-- PROBLEM DETAILS --
Look in the listing below for the line that has "foto 3 Renault", then return it and each following line up to and including the one with "Two storey modern", exactly and without pictures.

-- AVAILABLE DATA --
==========

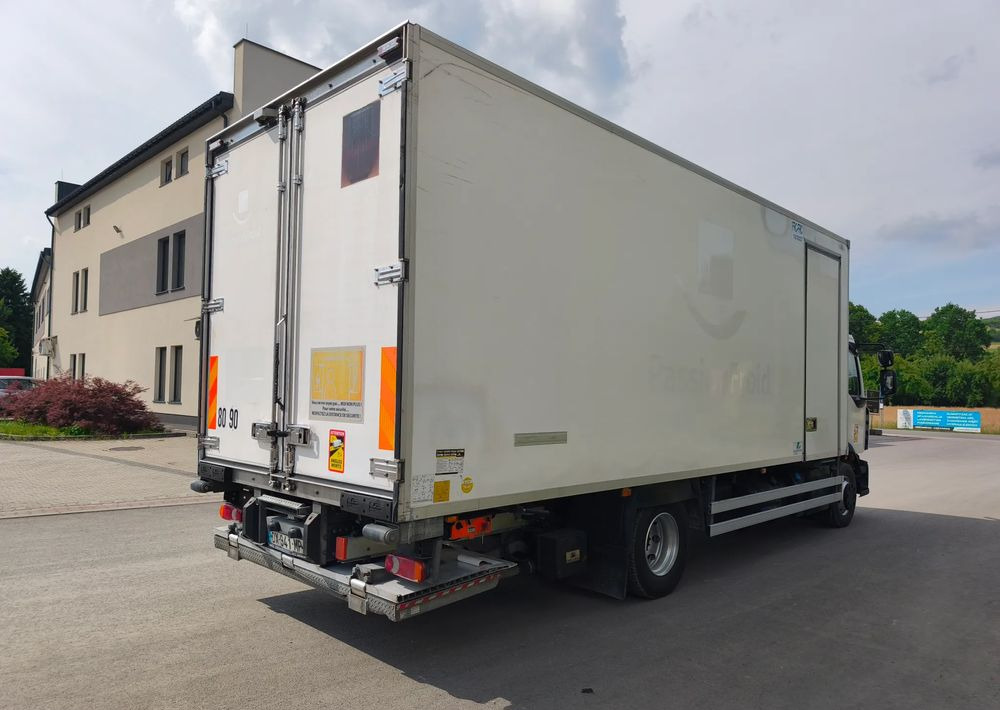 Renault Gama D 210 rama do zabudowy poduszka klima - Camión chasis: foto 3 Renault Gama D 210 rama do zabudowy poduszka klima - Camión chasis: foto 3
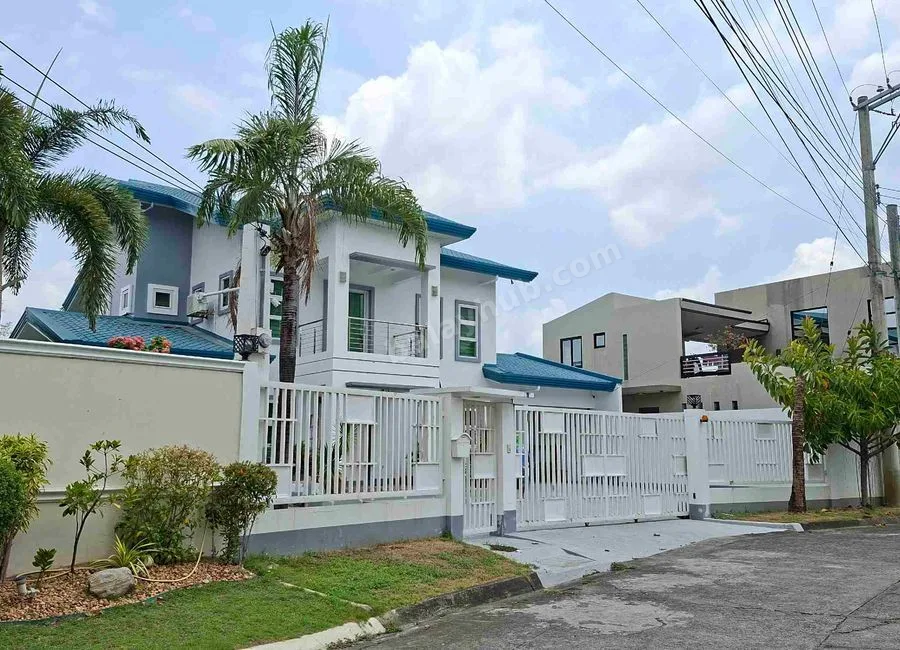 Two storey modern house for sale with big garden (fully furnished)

==========

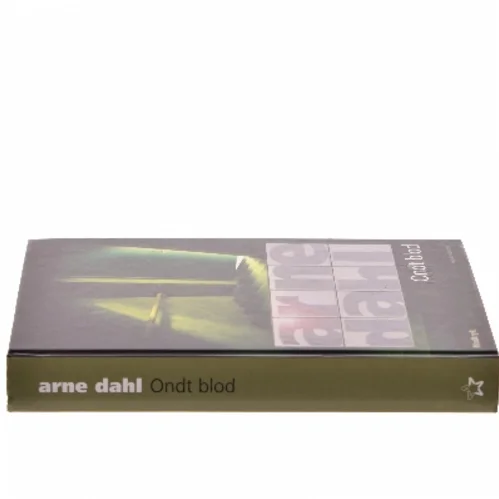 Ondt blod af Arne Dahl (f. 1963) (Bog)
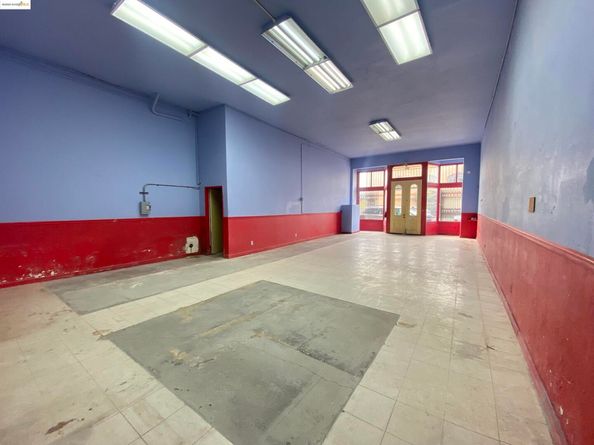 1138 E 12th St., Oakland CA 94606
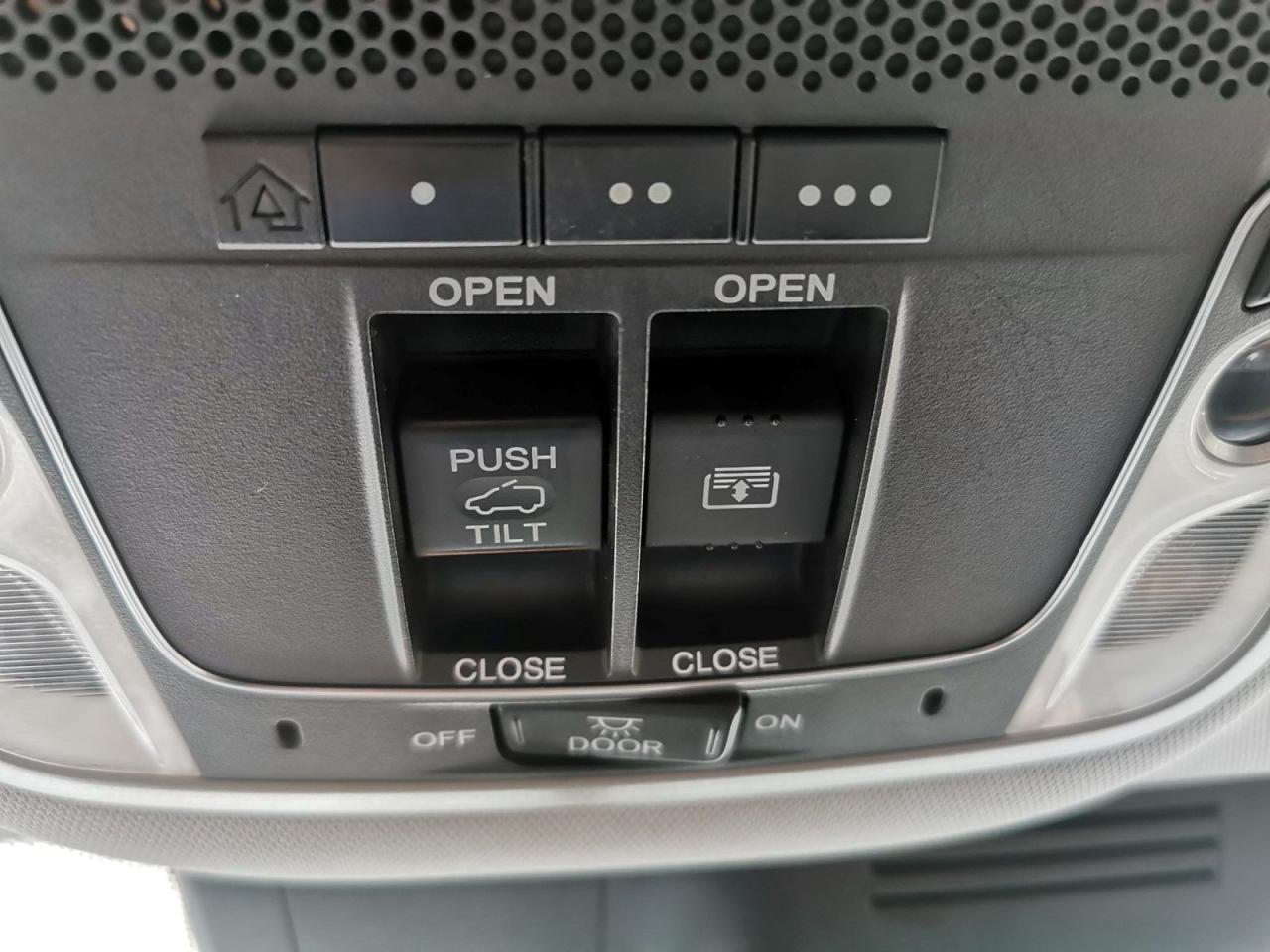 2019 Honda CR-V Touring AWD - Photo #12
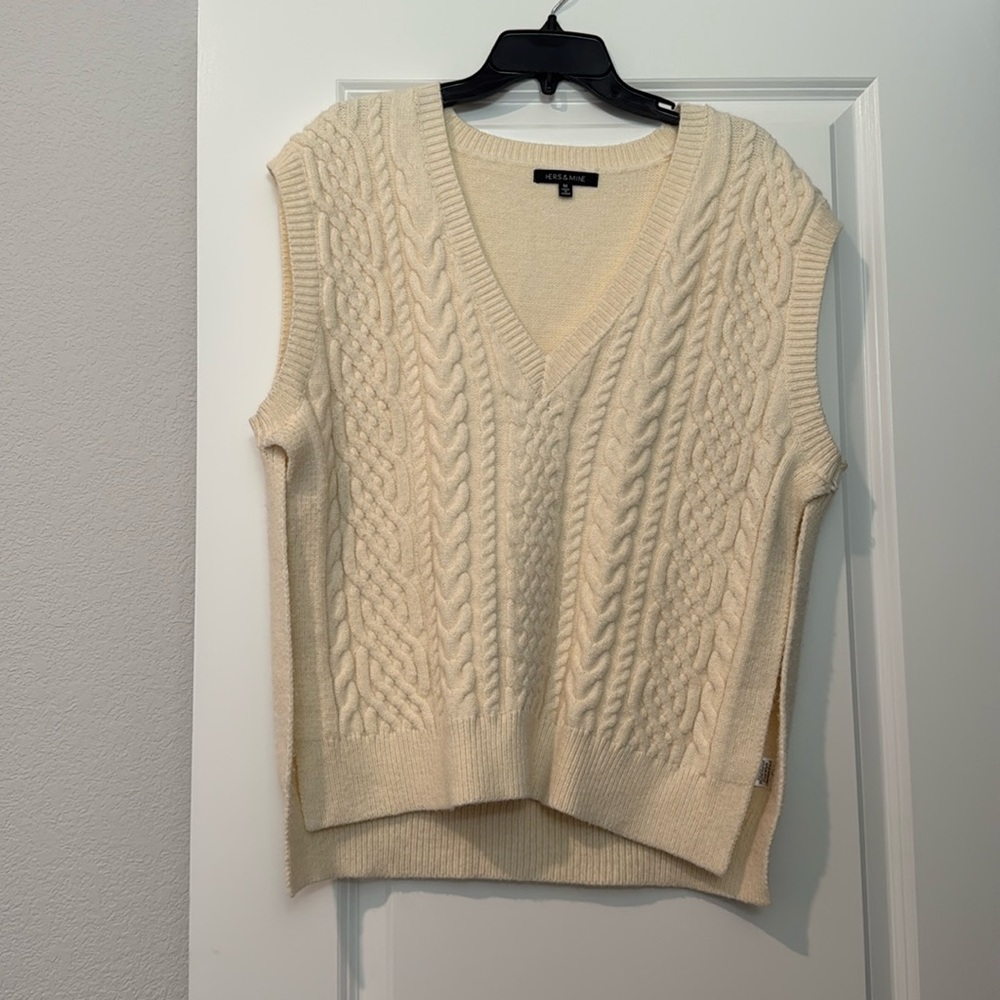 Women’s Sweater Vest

==========

-- RESULT OF THE EXERCISE --
 Renault Gama D 210 rama do zabudowy poduszka klima - Camión chasis: foto 3 Renault Gama D 210 rama do zabudowy poduszka klima - Camión chasis: foto 3
 Two storey modern house for sale with big garden (fully furnished)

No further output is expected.